I have a 1997 TJ 2.5L which is stock at the moment.  Currently, I do not have a top for my rig but I think I'll survive with a bikini top and a wind jammer.  I would like to go with 33's and need to know if I'm headed in the right direction.

 

1.) I'm looking at the Rubicon Express 2" Budget Boost. I would also like to add a 1" Body Lift for a total of 3". I want to go as high as possible without altering the driveline angles too terribly much. I would prefer not to mess with SYE/CV.  Any suggestions?

 

2.) I know that RE makes a good 2" budget boost but I'm not too sure which manufacturer to go with on the 1" body lift. Any suggestions?

 

3.) Are sway bar disconnects absolutely necessary when wheeling?

 

4.) When I lift my rig, will I need to replace the coil springs?

 

5.) Are the shocks that come with the Rubicon Express 2" compatible when an additional 1" body lift is installed on the rig?

 

6.) Regearing is way too expensive for me at this point in time.  Is it absolutely necessary that I regear with 33's?

 

Thanks for any feedback that you all can provide.

 

James Nixon

December 9, 2010 at 1:14 PM Flag Quote & Reply

vbtj
Limited Member
Posts: 521

Here are my answers for yea

1-- That is the cheapest and easiest way for sure.

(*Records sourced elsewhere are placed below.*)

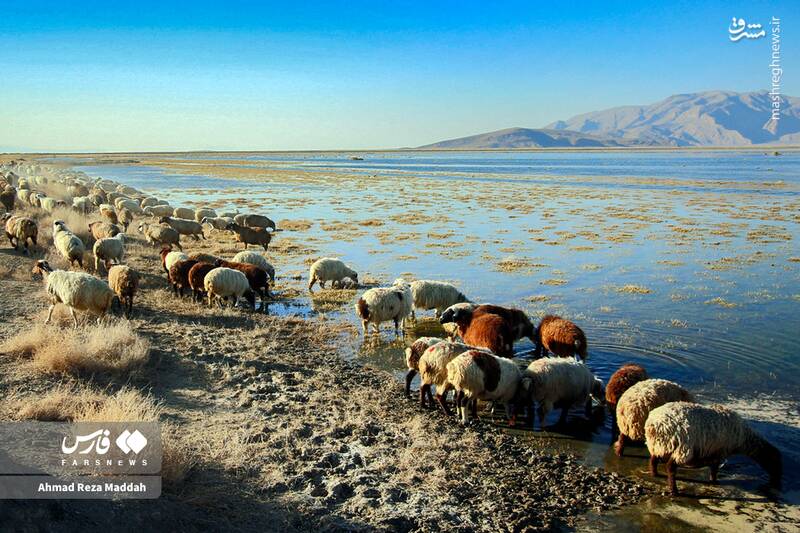 عکس/ فارس؛ گنجینهای به وسعت ایران با همه زیستبومها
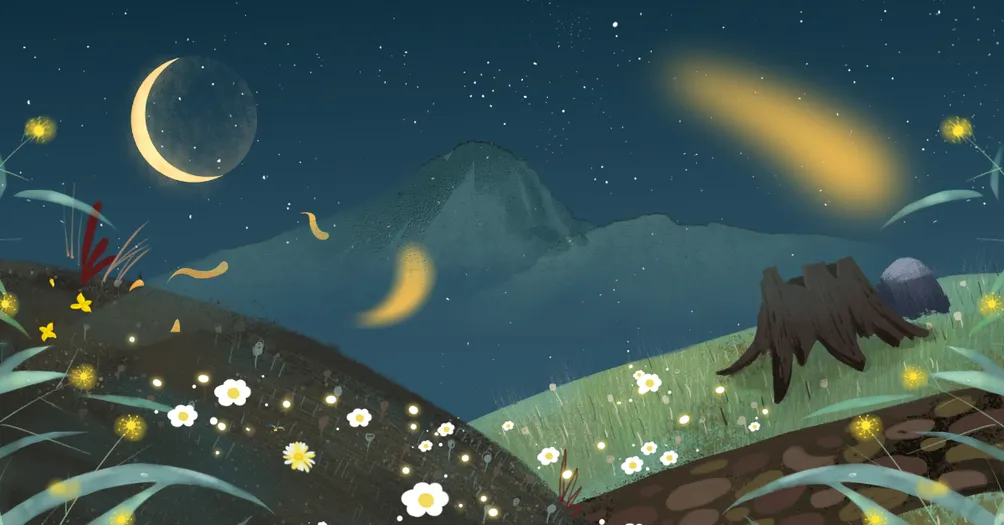 心⭒之所向𓇼 ⋆｡˚ 𓆝 𓂃 𓈒𓏸‪‪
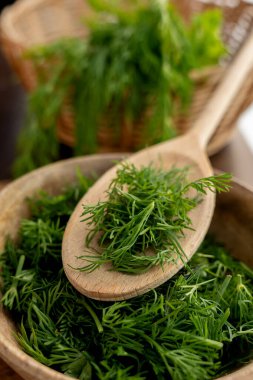 Tahta kaşıkla doğranmış dereotlu taze dereotu. Yemek pişirmek için aromatik bitkiler kavramı.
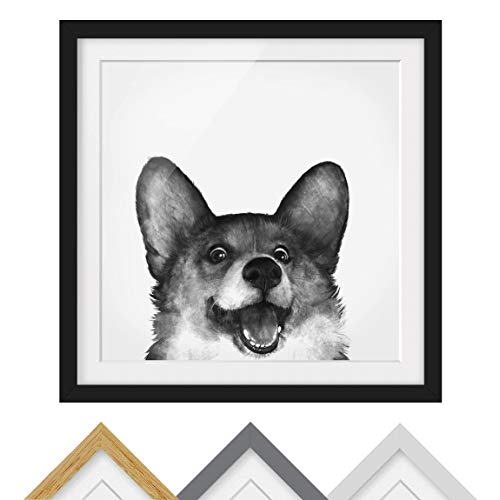 Bild gerahmt - Illustration Hund Corgi Weiß Malerei Farbe Schwarz 30 x 30cm von Bilderwelten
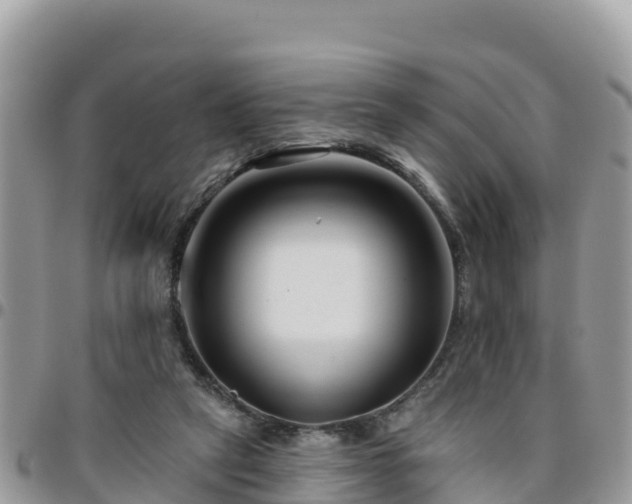 X0000095920257200801181424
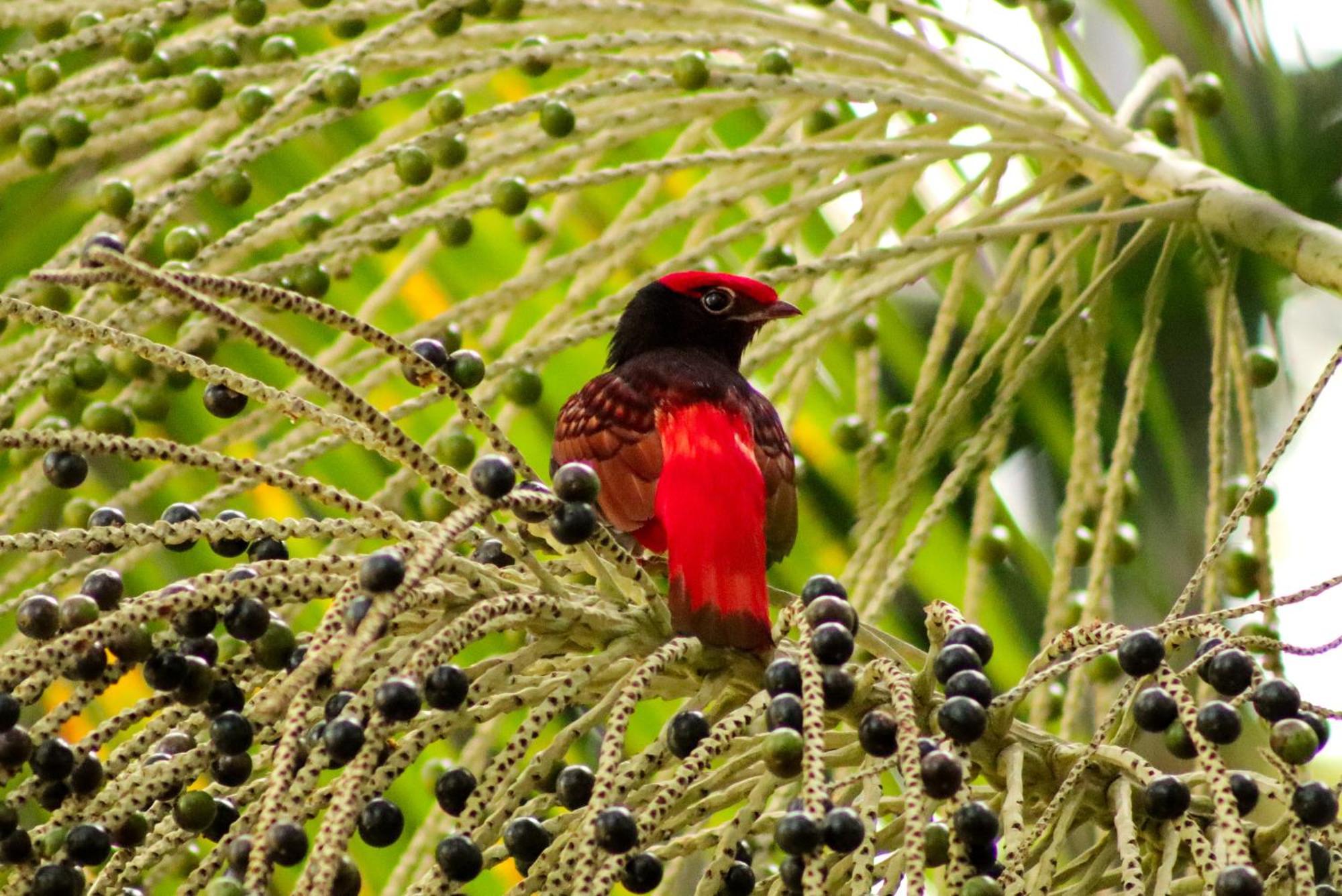 Pousada Paraiso Do Calango Azul Presidente Figueiredo Exteriör bild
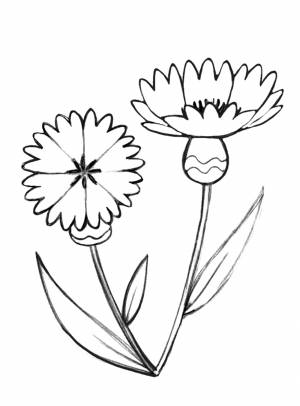 Василек раскраска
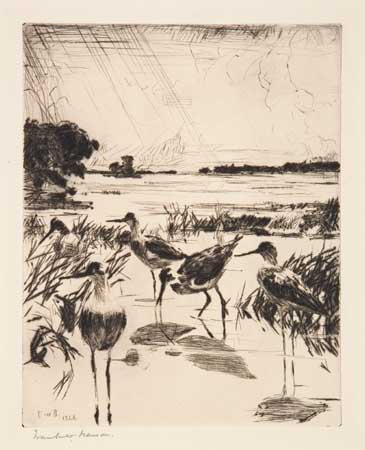 Appraisal: FRANK W BENSON Yellowlegs in Sunlight Drypoint x mm x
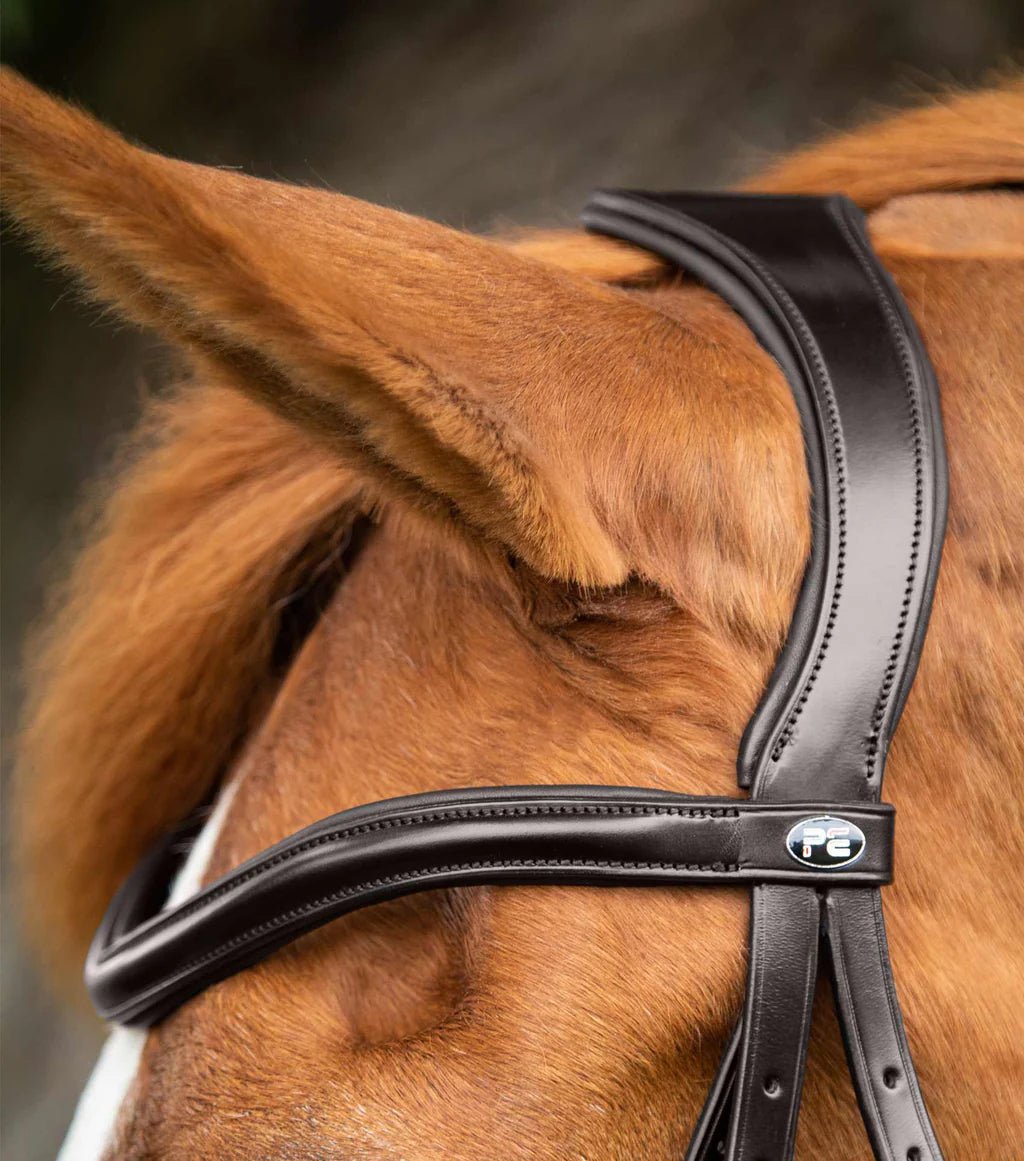 Premier Equine Glorioso Grackle Bridle Black - Nags Essentials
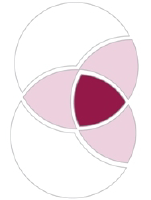 Hadasit Bio (CE) (HSITF)のロゴ。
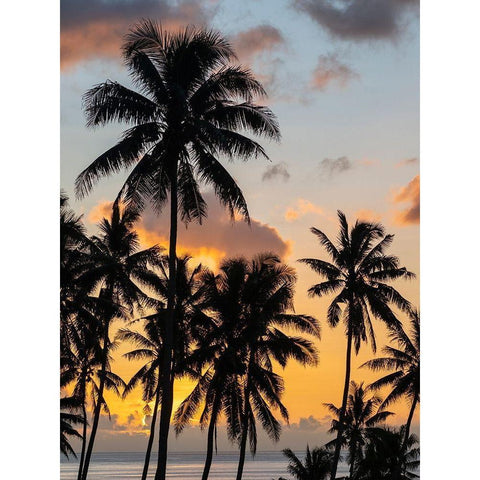 Fiji-Taveuni Island Beach sunset with palm trees Black Modern Wood Framed Art Print by Merrill Images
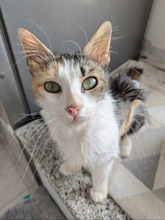 ARIANNA, Katze, Europäisch Kurzhaar in Zypern - Bild 3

2-Any one for the body lift is fine just make sure the address the fan shroud on the radiator.

3-No but they are nice

4-THe budget boost will have spacer for your stock springs.

5-Shocks and body lift have nothing to do with one another so your good.

6-No but you ain't gonna win no races thats for sure.

--

Rock Solid Fabworks    479-414-1246

Specializing in one-off fabrication with in house CNC plasma cutting.

December 9, 2010 at 1:24 PM Flag Quote & Reply

Chancho
Limited Member
Posts: 116

Thanks Justin!!  

December 9, 2010 at 1:59 PM Flag Quote & Reply

arveetek
Member
Posts: 948

We have essentially the same vehicle, so here's my opinions:


Don't spend a lot of money on a budget boost.  All budget boosts are made up of coil spring spacers.  The only differences in the kits are if shocks are included or not.  So if one kit has shocks, and another kit has shocks, they shouldn't be priced much differently.  Just buy the cheapest budget boost kit you can find.  If it doesn't come with shocks, just buy some separately.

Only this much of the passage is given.